Long, delicate fingers. Such beautiful, graceful hands that stretched over octave after octave with exquisite, effortless ease. Hands that tickled the ivories, the ivory of my skin; leaving soundprints and fingerprints of your music all over the keys. The keys to my heart.

I loved your hands.

You had piano hands, but you didn’t play because your hands were made for the piano.

You played because you believed the piano was made for human hands.

Your hands.

You wouldn’t pick up the guitar because it demanded you contort yourself. To weave your fingers along its endless frets; to twist around the curvature of its neck; to stretch awkwardly over chords, and pluck its six sharp strings with only five fingers. The guitar was built for its sound. It was not built for your hands.

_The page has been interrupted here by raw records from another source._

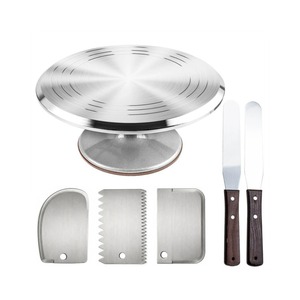 Wholesale Aluminium <strong>Cake</strong> Decorating Kit Supplies Turntable Pastry Nozzles Tools with Rotating <strong>Stand</strong> Revolving Spinner - Product Image 3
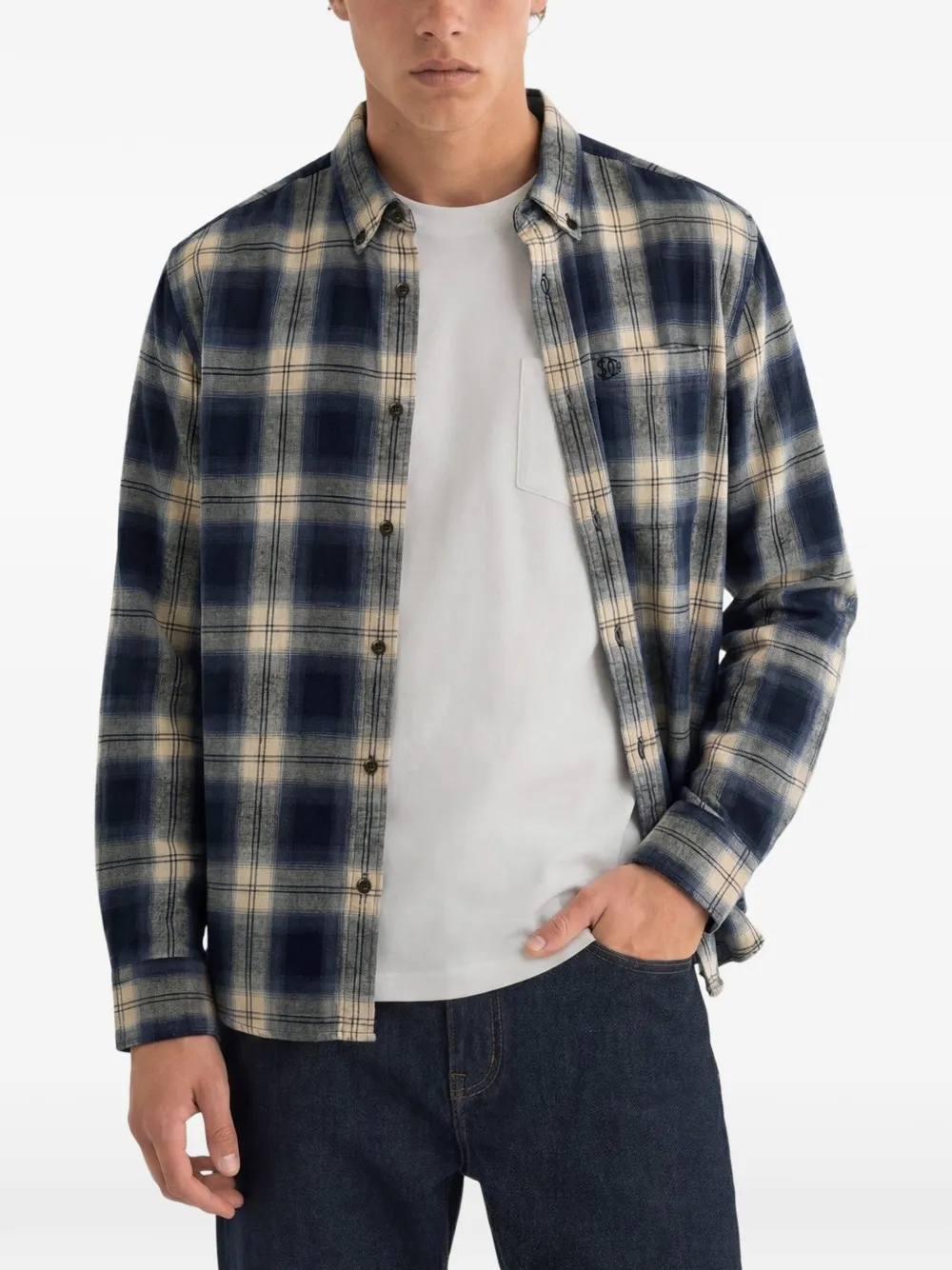 Superdry check cotton shirt - Blu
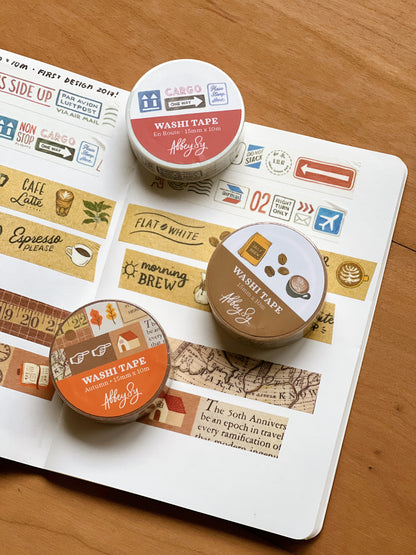Washi Tape | Coffee (15mm)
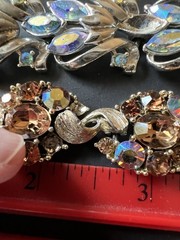 Lisner And Coro Vintage Rhinestone Bracelets For Restoration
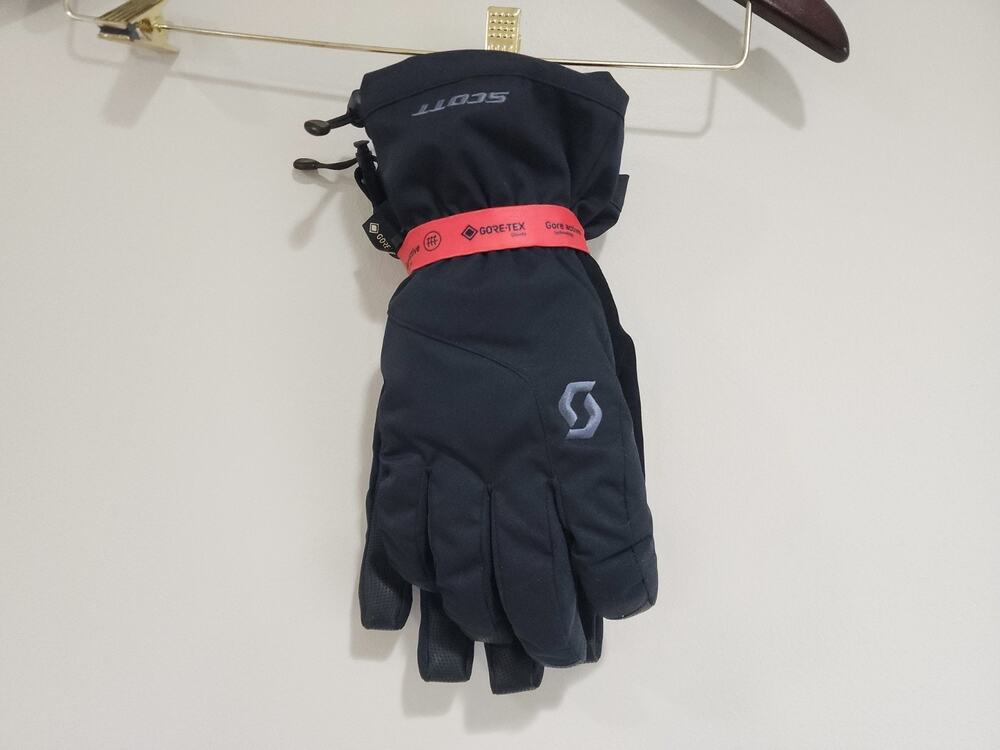 SCOTT Ultimate GTX Ski & Snowboarding Glove Mens M Black Fleece Lined Waterproof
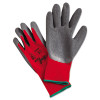 MCR Safety Ninja Flex Latex-Coated-Palm Gloves  Nylon Shell  X-Large  Red Gray (MPGN9680XL)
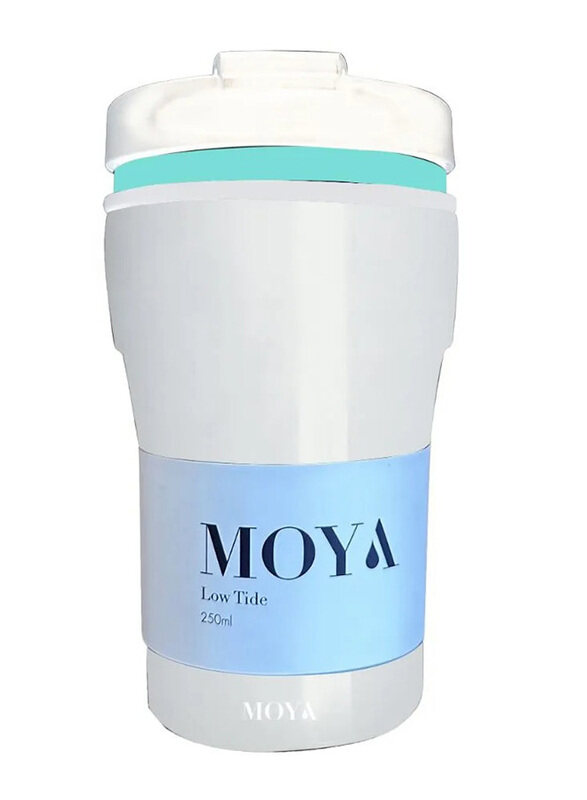 

Moya 250ml Low Tide Travel Coffee Mug, Blue/White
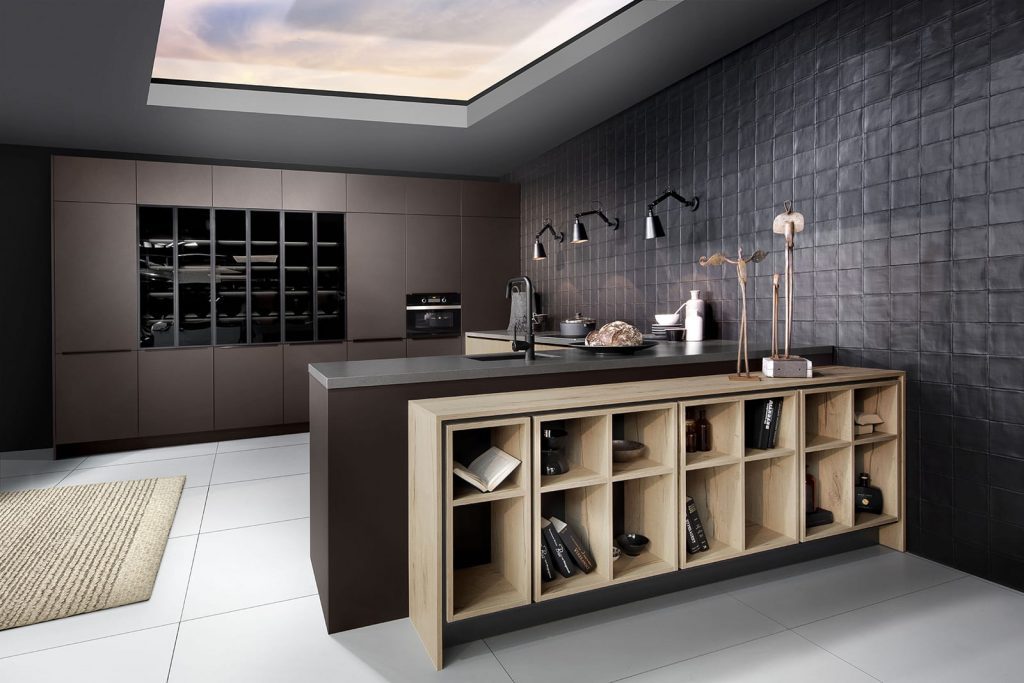 Rotpunkt Dark Matt U Shaped Kitchen 2 | Net Kitchens, Walthamstow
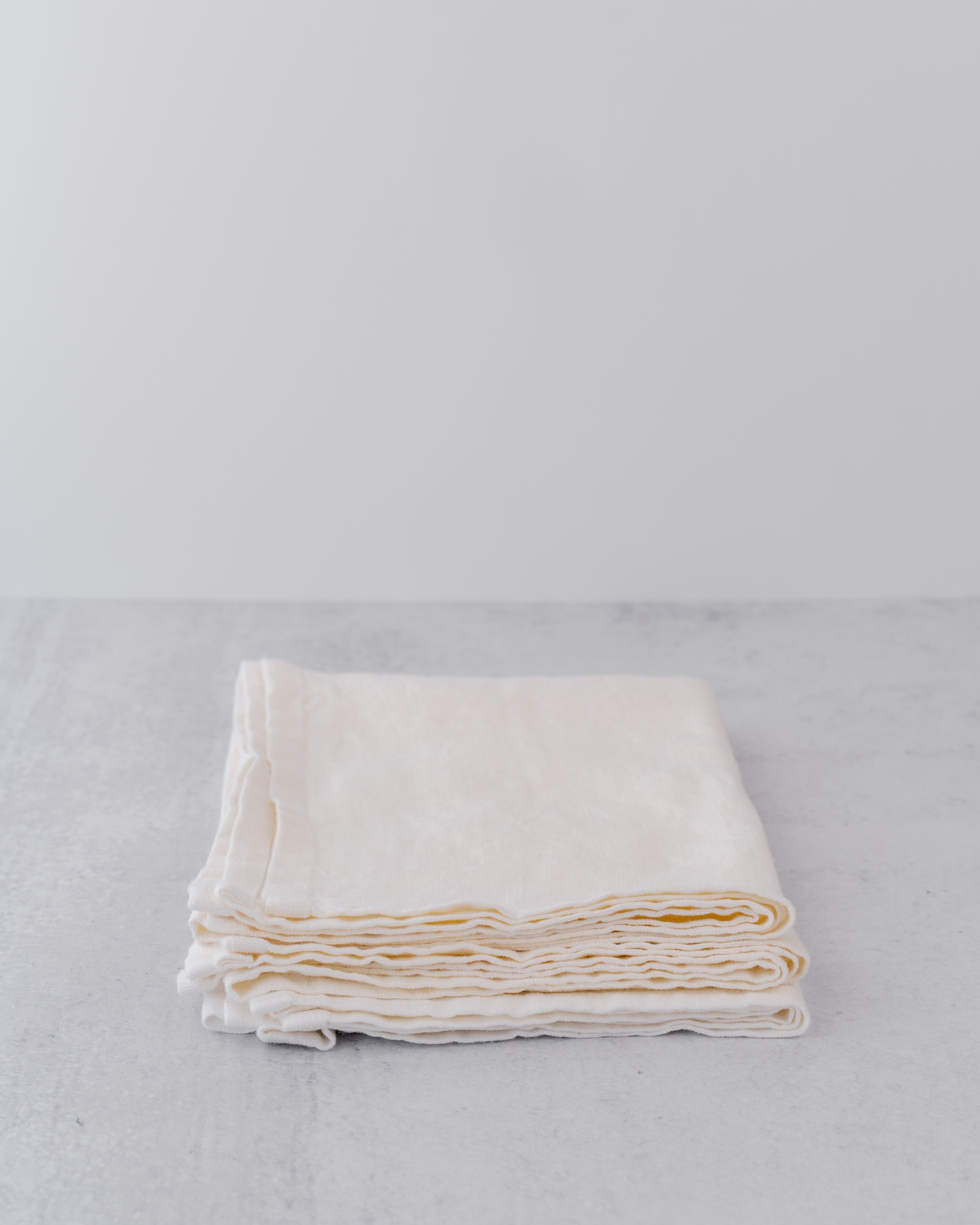 Linen Hand Towel, White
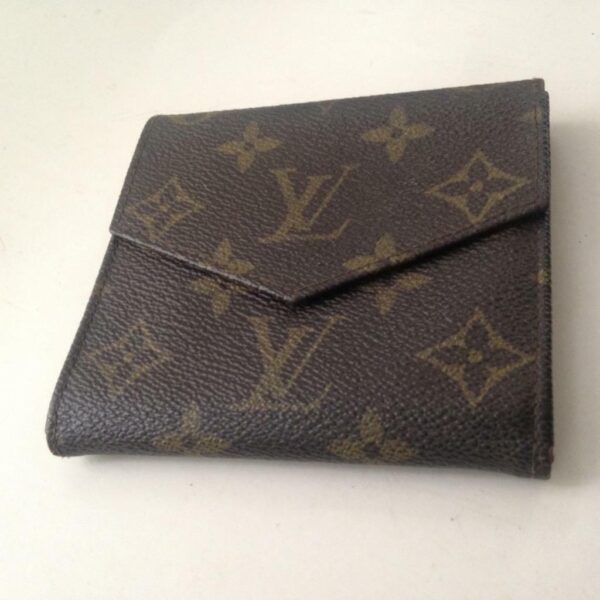 Louis Vuitton, Brown Mono, Unisex Compact Tri-fold Wallet (884AN)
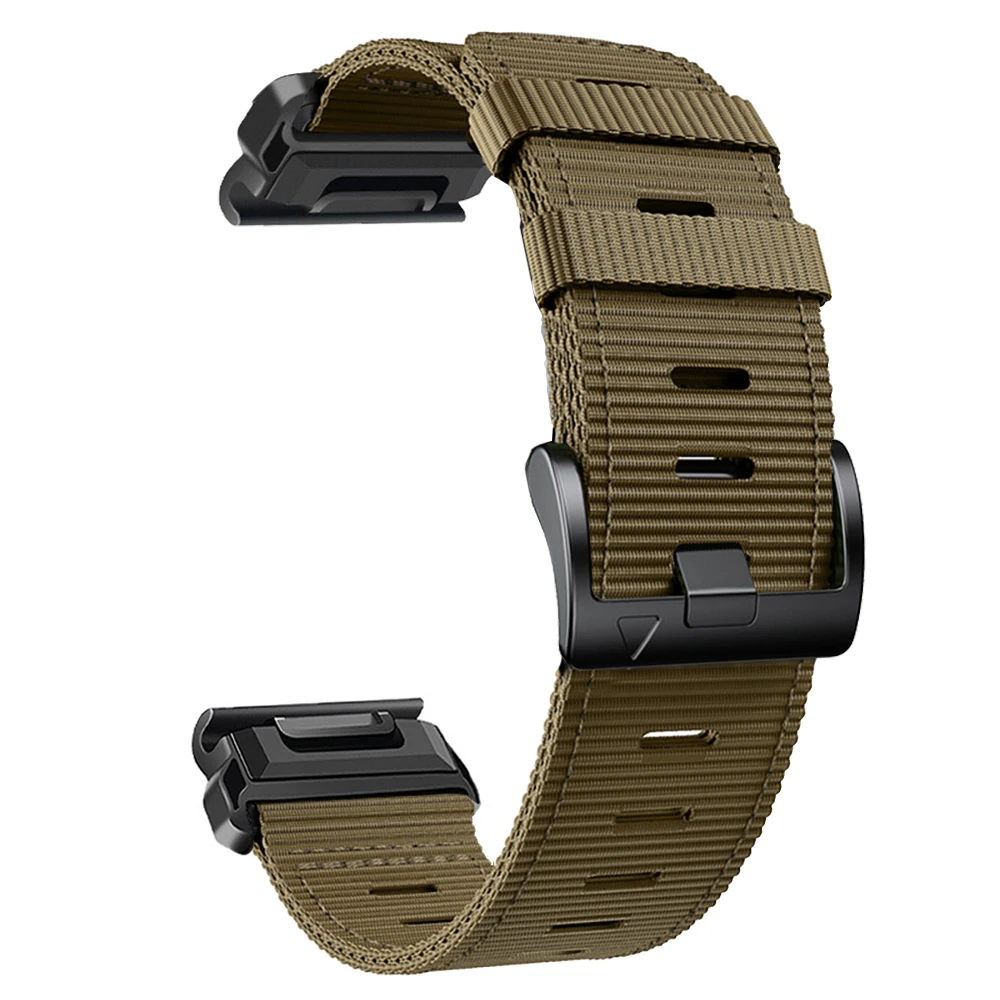 QuickFit Nylon Braided Watch Strap, Universal 22mm/26mm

That wasn’t enough for you.

I didn’t understand then that you were looking for a piano for your heart to play. Someone built, shaped, and perfectly made, for you.

But darling, I was not made for you.

I was made for my sound.

You got tired of trying to contort yourself to make music out of me. There were parts of me you just couldn’t wrap your hands, your head, your heart around. The parts of me that weren’t made for you.

One day you found I had one too many strings for your five fingers.

You gave me up and left me in silence.


The next day, I watched a man play a guitar on the street.

His hands were monstrous. One with fingertips calloused from years of pressing painfully down on steel strings, and the other battered from pulling them. Skin cut, nails dented, and fingers worn and weathered from a decades-long love affair with the one instrument he chose to devote his life to.

They made beautiful music together.

Watching him become one with this instrument made for its sound, not for his hands, I realized I didn’t need a man with piano hands. Just a man willing to work with the parts of me that aren’t always smooth or easy to handle. The parts that don’t always mould perfectly to the natural state and shape of his hands. The parts that don’t always feel just right, because no one ever will. Not all the time.

I don’t need a man with piano hands.

Just a man who will want me for my sound. Because I will want him for his. Because together we will mould ourselves to make music out of each other. To have a decades-long love affair with the one person we chose to devote our lives to.

No, I don’t need a man with piano hands.

Just a man who will offer me his when I need it.

Just a man who will go out of his way to hold mine.